Instructions:
- Advance Planning:
- Preheat your oven to 320°F (160°C).
- Line the bottom of an 8-inch round cake pan with parchment paper and lightly grease the sides with butter.
- Prepare the Cream Cheese Mixture:
- In a heatproof bowl, combine the cream cheese, butter, and milk.
- Place the bowl over a pot of simmering water (double boiler) and stir regularly until the mixture is smooth and fully combined. Remove from heat and let it cool slightly.
- Prepare the Dry Ingredients:
- Sift together the cake flour and cornflour. Set aside.
- Prepare the Egg Yolks:
- In a large mixing bowl, whisk the egg yolks until they are light and pale.
- Once the cream cheese mixture has cooled slightly, add it to the egg yolks and whisk until fully incorporated.
- Gradually add the sifted flours to the mixture and whisk until smooth and lump-free.
- Prepare the Egg Whites:
- In a separate clean mixing bowl, beat the egg whites until frothy.
- If using, add the cream of tartar and continue beating until soft peaks form.
- Gradually add the granulated sugar to the egg whites, beating continuously, until stiff peaks form.
- Combine the Batter:
- Gently fold the egg white mixture into the cream cheese batter in three additions. Be careful not to deflate the batter.
- Bake the Cheesecake:
- Pour the batter into the prepared cake pan.
- Tap the pan gently on the counter to remove any air bubbles.
- Place the cake pan in a larger baking pan and fill the larger pan with boiling water to create a water bath.

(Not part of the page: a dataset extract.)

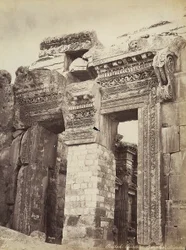 古代シリアの都市、ヘリオポリスまたはバールベック（現在のレバノン）の考古学地区にあるジュピター神殿または太陽の神殿の入口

- Bake in the preheated oven for 60-70 minutes, or until the top is golden brown and a skewer inserted into the center comes out clean.
- Cool the Cheesecake:
- Turn off the oven and leave the cake inside with the door slightly ajar for about 15 minutes to avoid a rapid temperature change.
- Remove the cake from the oven and the water bath, then place it on a wire rack to cool completely in the pan.
- Once cooled, carefully remove the cake from the pan.
- Serve:
- Dust the top of the cheesecake with powdered sugar before serving.
Enjoy your fluffy Japanese Cotton Cheesecake!